[Image-text web data]
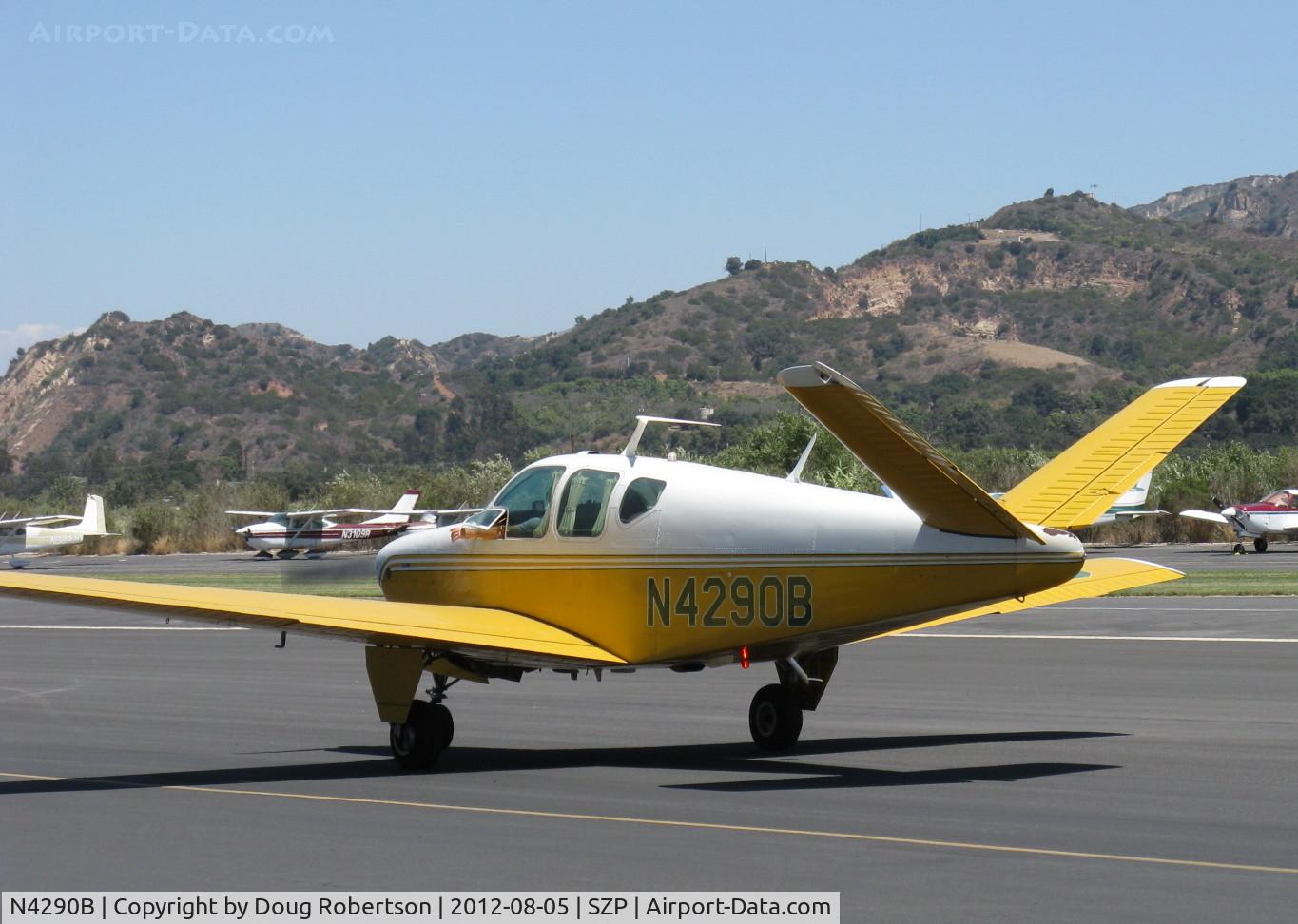 N4290B, 1955 Beech F35 Bonanza C/N D-4253, 1955 Beech F35 BONANZA, Continental E-225-8 225 Hp, taxi with left turn signal?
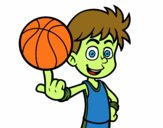 Jugador de baloncesto junior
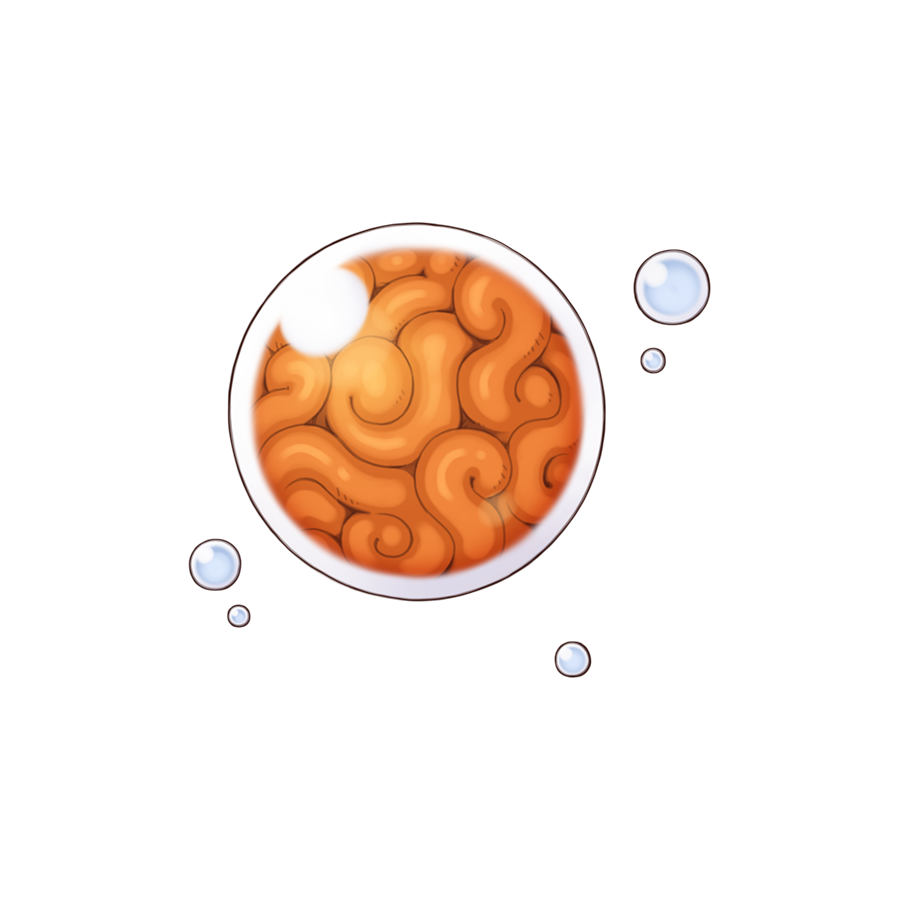 bubble, chibi, chibi_only, full_body, marine_sphere, no_humans, official_art, ragnarok_online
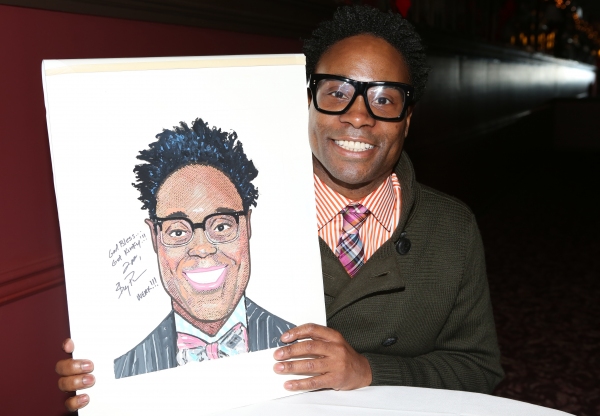 Photo Coverage: KINKY BOOTS' Billy Porter, Stark Sands, Annaleigh Ashford & Jerry Mitchell Unveil Sardi's Portraits! Image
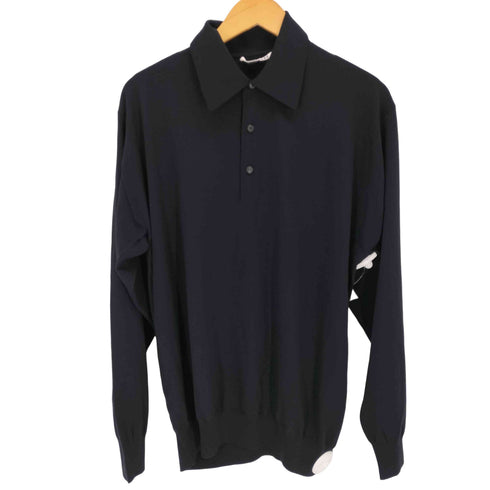 オーラリー AURALEE SMOOTH SOFT SWEAT POLO メンズ 4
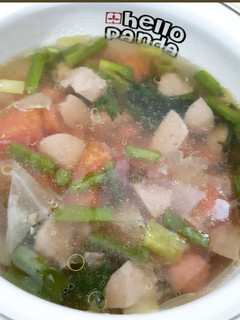 Foto resep Sayur sop baso sosis sederhana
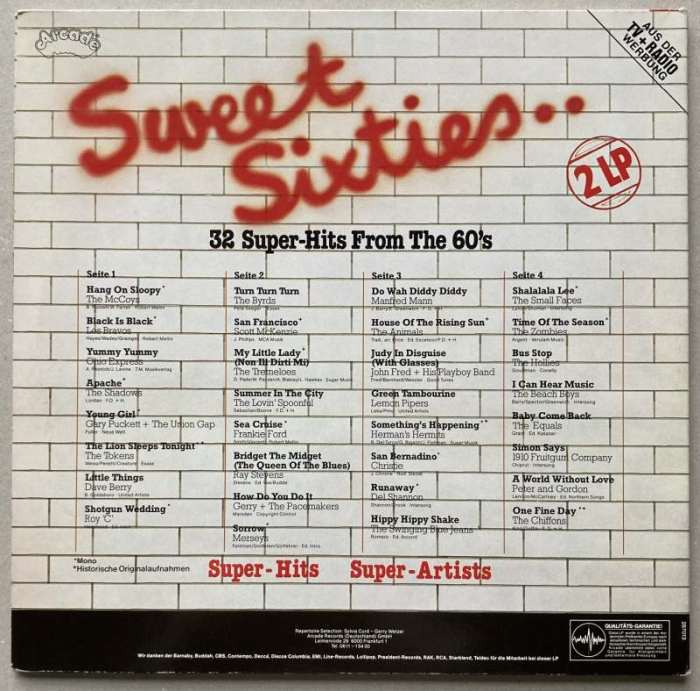 Various - Sweet Sixties (2LP)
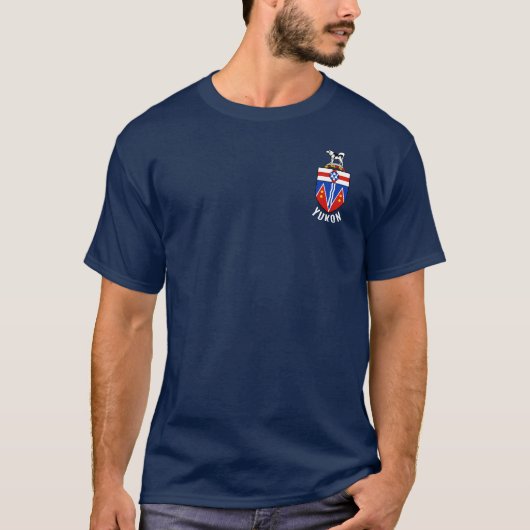 Vlag van Yukon Territory - Canada T-shirt (Voorkant)
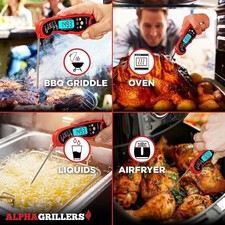 Meat Thermometer Digital - Instant Read Food Thermometer for Cooking Grilling Ai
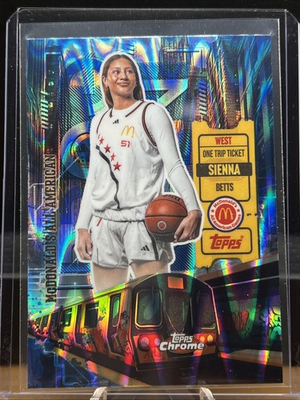 #ad 2025 Topps Chrome McDonald#x27;s All American BLUE high rise RayWave Sienna Betts $9.99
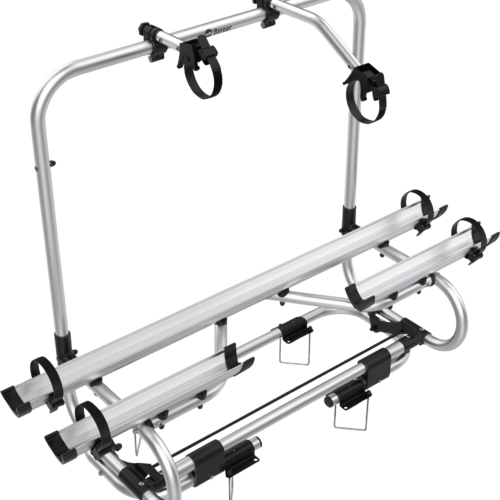 Berger Premium 2 XL Deichsel Fahrradträger silber für 2 Fahrräder E-Bike geeignet - Deichsel-Fahrradträger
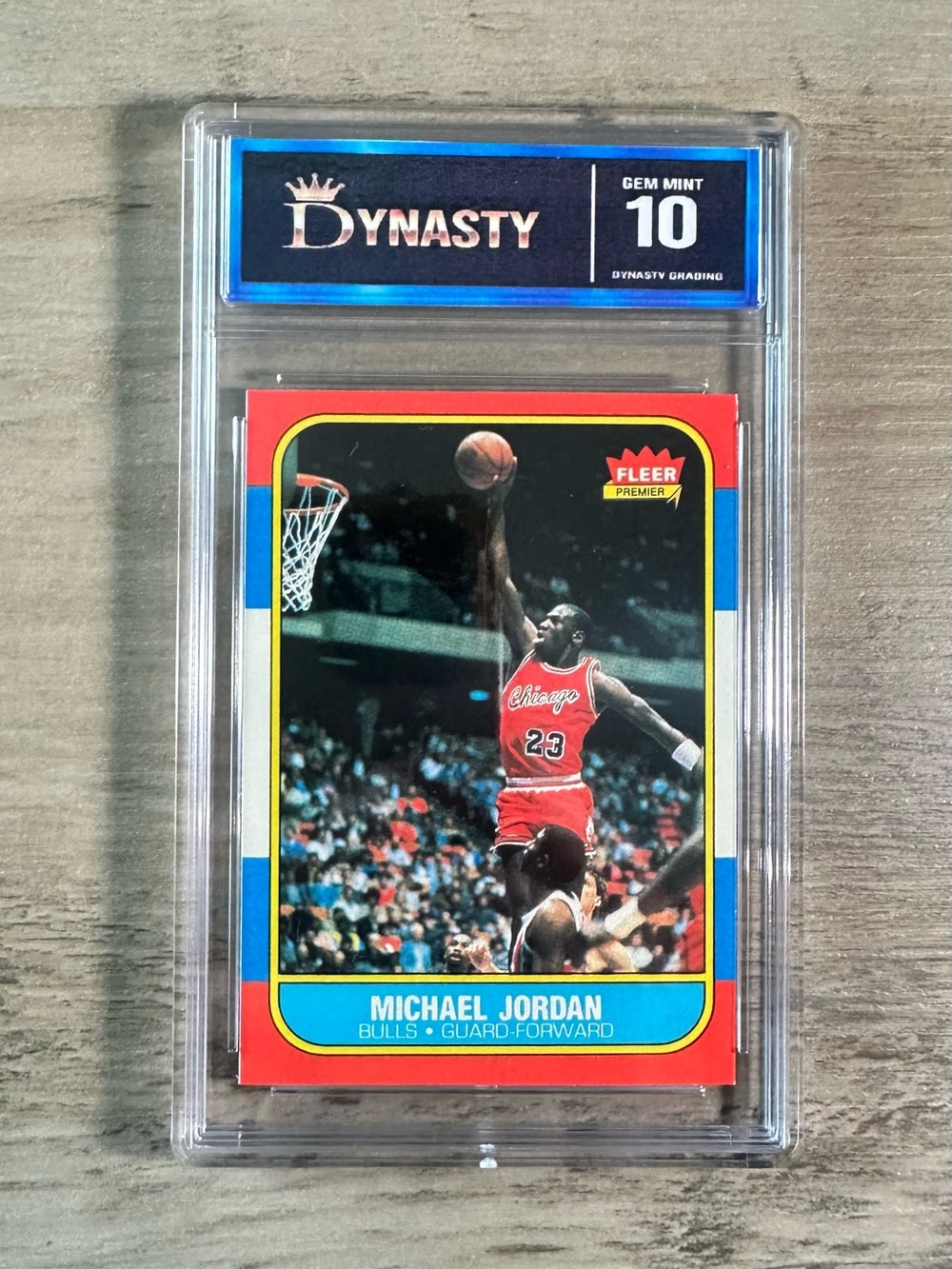 Michael Jordan Rookie 1986 Fleer #57 Gem Mint 10 Novelty Card. Chicago Bulls.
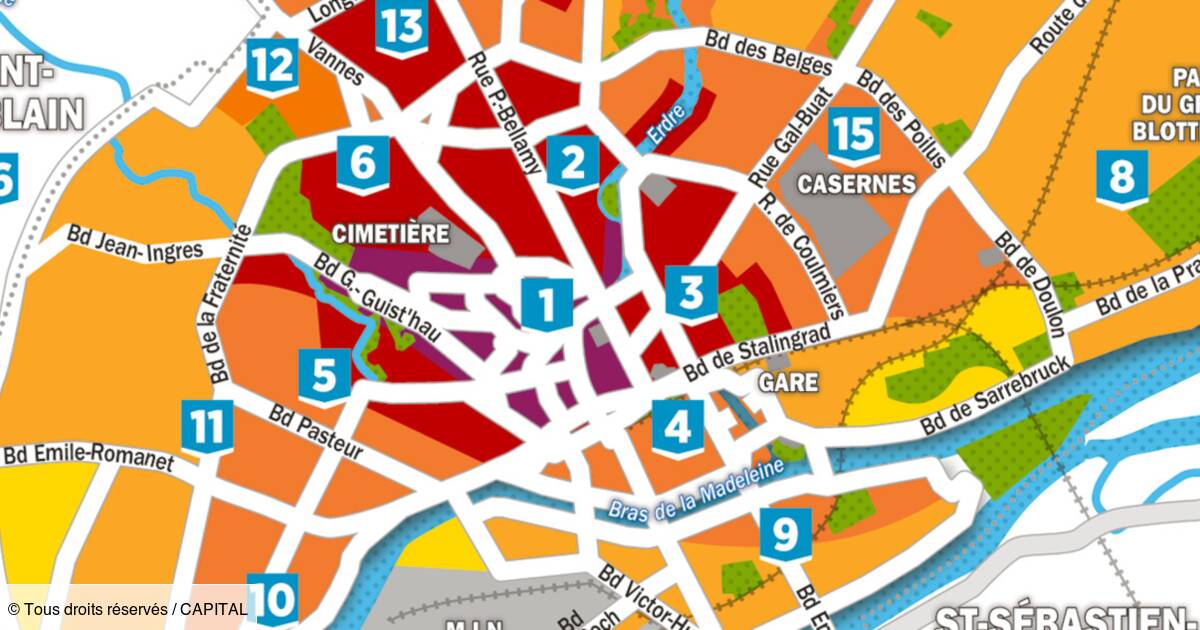 Immobilier la carte des prix à Nantes Capital.fr Immobilier la carte des prix à Nantes Capital.fr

§ PROBLEM STATEMENT
Within the entries above, give again exactly the lines starting at the one that contains "Foto resep Sayur sop baso sosis sederhana" and ending at the one that contains "#ad 2025 Topps", leaving out the pictures.

§ TASK ANSWER
 Foto resep Sayur sop baso sosis sederhana
 Various - Sweet Sixties (2LP)
 Vlag van Yukon Territory - Canada T-shirt (Voorkant)
 Meat Thermometer Digital - Instant Read Food Thermometer for Cooking Grilling Ai
 #ad 2025 Topps Chrome McDonald#x27;s All American BLUE high rise RayWave Sienna Betts $9.99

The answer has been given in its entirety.